Inter e Napoli, dovrebbero custodirle in un museo

Se il calcio fosse semplicemente racchiuso dentro dati statistici, significherebbe volerlo svuotare da qualsiasi espressione artistica: e però, prima ancora che l’algoritmo finisse in un pallone, e dai suoi rimbalzi ne venisse sballottato, c’è stato un tempo che rimane a ricordarci ch’è esistita (per fortuna) una Grande Bellezza. Se volessimo riprodurre le emozioni nell’aridità semplificativa dei matematici dei trionfi, Rinus Michels, tanto per volare bassi, resterebbe dentro confini clamorosamente asfissianti – una Coppa dei Campioni, una “sola”, ja; un Europeo, uno “solo”, ja; e vabbè, anche quattro titoli olandesi e una Liga e varie coppe – che rappresenterebbero un insopportabile limite alla sua immensità, al potere travolgente di quell’epoca, al valore solenne di quegli spettacoli, diventati materia per studiosi. Ma per fortuna, vale ieri e varrà domani, gli effetti di quella rivoluzione, la sua sontuosa e plastica espressione, restano nell’immortalità, scolpiti per i posteri.  

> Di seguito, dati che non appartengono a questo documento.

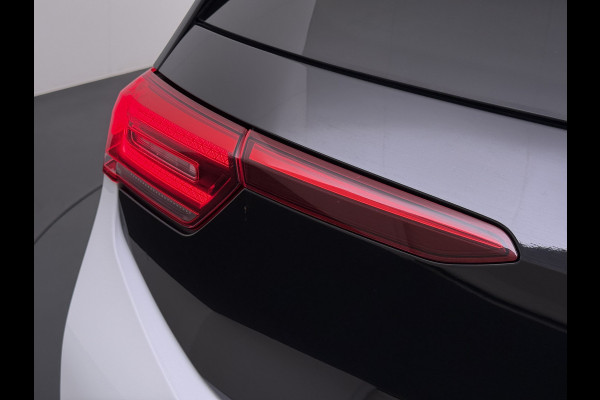 Volkswagen ID.3 First Plus 62kWh Soh92% Trekhaak Camera Navi-Pro Ecc Adap.Cruise Stuur+Stoelverwarming Apple Carplay Android Auto Pdc Bluetooth Keyless Advanced Matrix Led Rijstrooksensor IQ Drive 1e Eigenaar Origineel Nederlandse Auto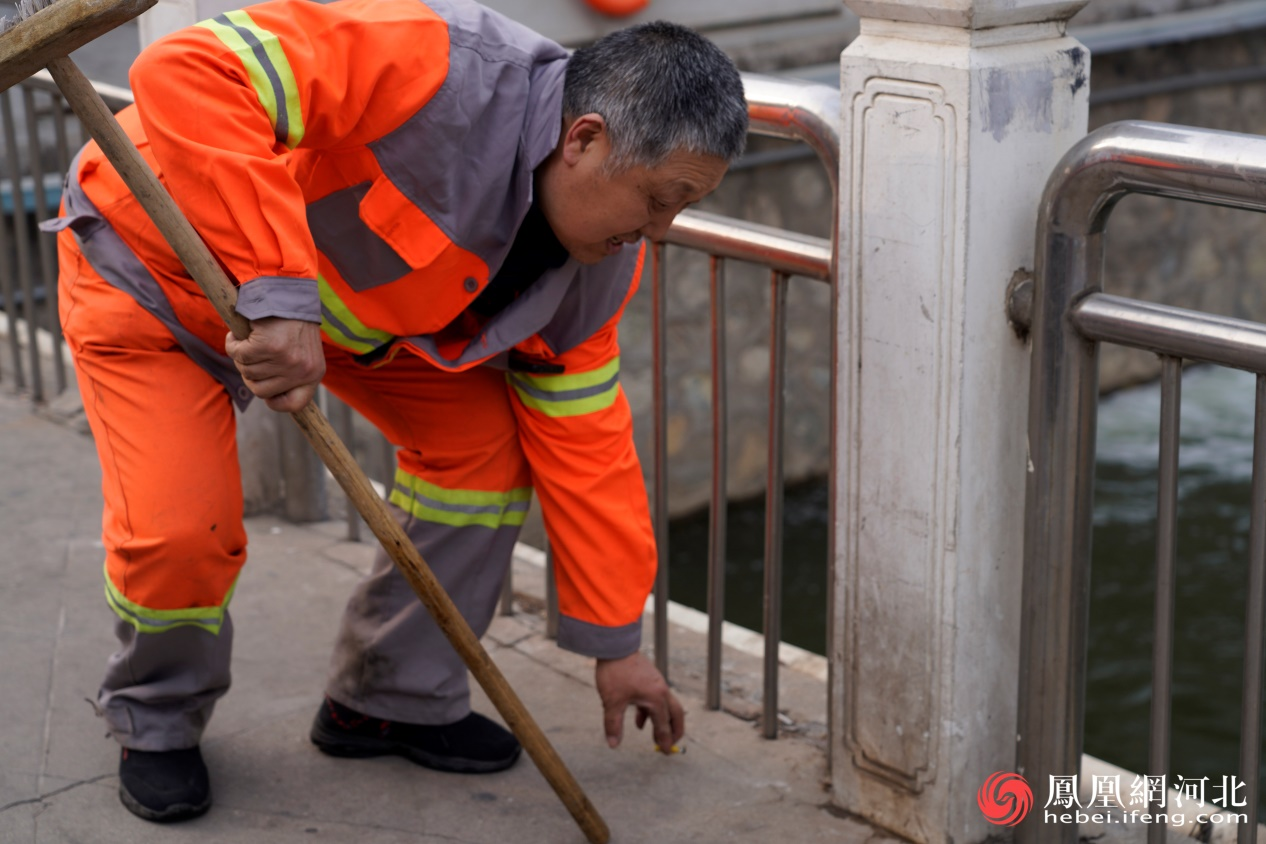 保洁人员打扫垃圾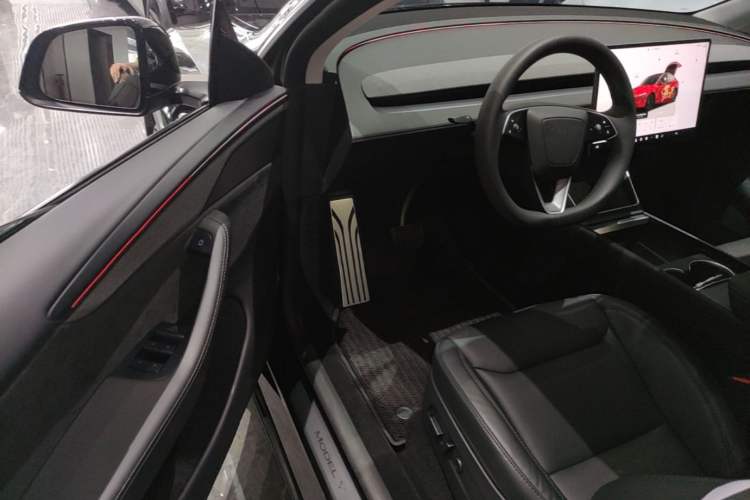 Used Tesla Model Y 2025 Long-Range All-Wheel-Drive Version Driver Seat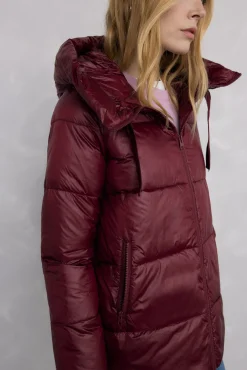 Parka corta capucha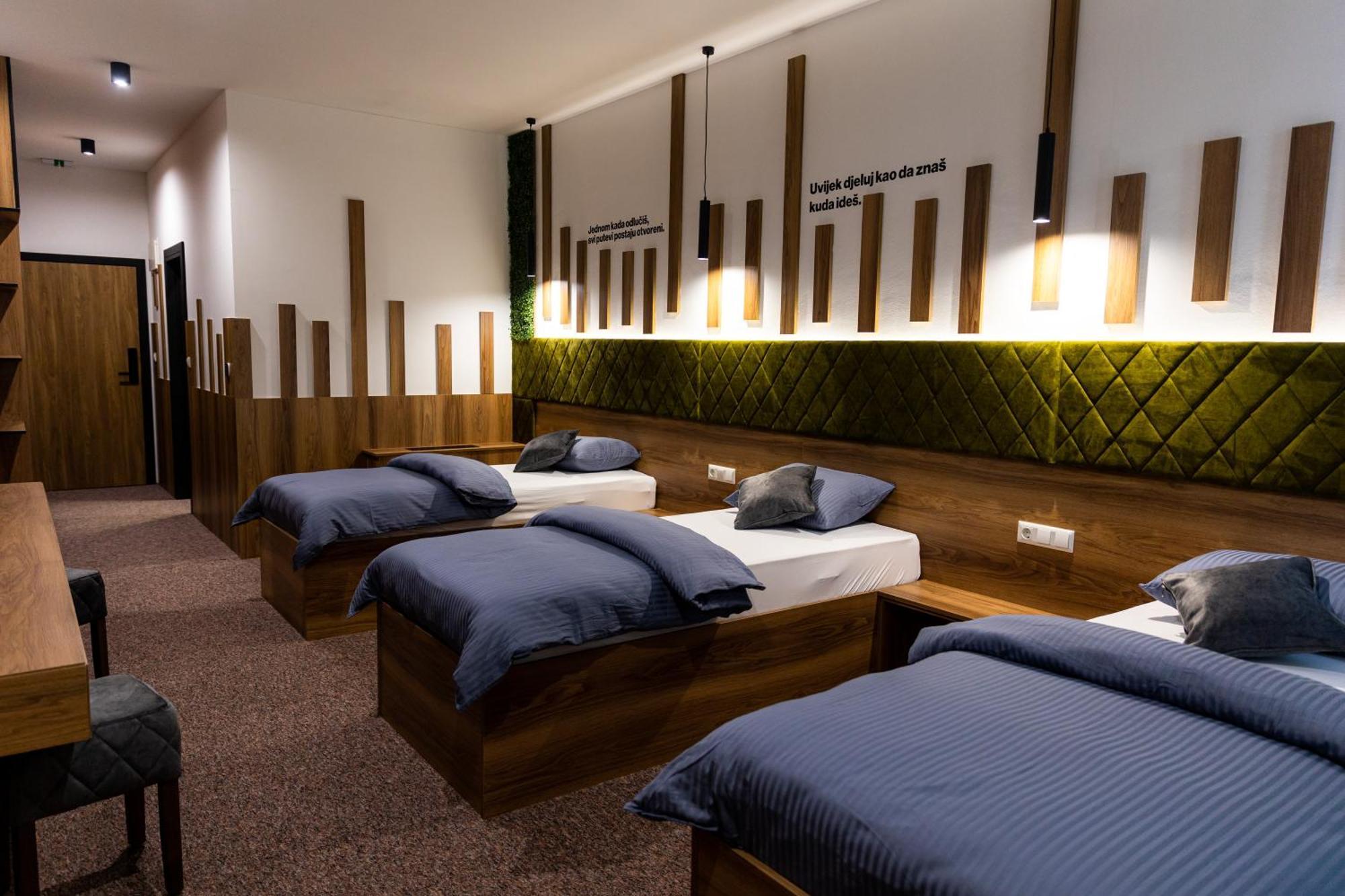Hostel Tron ทราฟนิค ภายนอก รูปภาพ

I paragoni sono sempre scomodi, talvolta ingenerosi e spesso improponibili perché scatenano confronti tra mondi troppo distanti tra loro, ma l’Inter e il Napoli, protagoniste della stessa impresa ad un anno di distanza, possono prestarsi a questo giochino dell’anima. E però, mettendo Inter e Napoli allo specchio, bisogna andare a guardarle nei loro occhi che, come se fossero due Gioconde, sembrano osservarvi dritto nei vostri. In questo Museo d’Arte che appartiene ad entrambe, in cui non deve far assolutamente velo alcun accostamento affettivo, le diversità sono evidenti e le affinità pure; e le ideologie – la difesa a tre ed il tridente – rientrano nella Filosofia degli scultori di capolavori che restano.  

Però bisogna poi infilarsi nel dettaglio, scorgere le luci dell’una e le ombre, che pure dànno un senso al dipinto, dell’altra, gustarne le rotondità, i dettagli, l’ampiezza, assaporarne la dolcezza, forse provare ad ascoltare una musicalità che non appartenga alle suggestioni. Il Napoli di Spalletti è stato un calcio universale, ha riempito lo spazio e lo ha conquistato, è diventato il riferimento trasversale che, maledizione, ha avuto un solo torto: essere durato un battito d’ali, utile per adagiarsi nella Storia, 33 anni dopo al fianco di Maradona. Ma quella non è una colpa che può essere addossata ad una squadra che ha stregato perché aveva il ritmo nella testa e il talento tra muscoli e cervello, una commistione trasformata in magia che conquistava. E quella leggerezza, il profumo sempre primaverile della sua freschezza, la modernità sempre attuale restano a futura memoria, diventano un trattato di libertà d’un modello che pur avendo decine di schemi è apparso fuori da ogni schema. Era il suo e basta, dolcemente irripetibile.  
L’Inter di Simone Inzaghi ha una matrice identica, sa solo dominare, s’è liberata con regale prepotenza dei propri fantasmi e di nemici più o meno consistenti, ha la fisicità e pure l’atletismo, una solida organizzazione, è straordinariamente autoritaria e però meno autorevole del Napoli, e però ha il merito, in questa stagione completamente sua, di aver reso piccolissimo chiunque, pure i predecessori ai quali porterà via lo scudetto dalle maglie, e quindi – attenzione – di aver ingigantito in maniera imponente il capolavoro di Spalletti, la sua raffinata genialità. È come se un Cristo Velato si insediasse al centro del tavolo dell’Ultima Cena per sostituire se stesso: non si potrebbe che restare in silenziosa e ammirata contemplazione.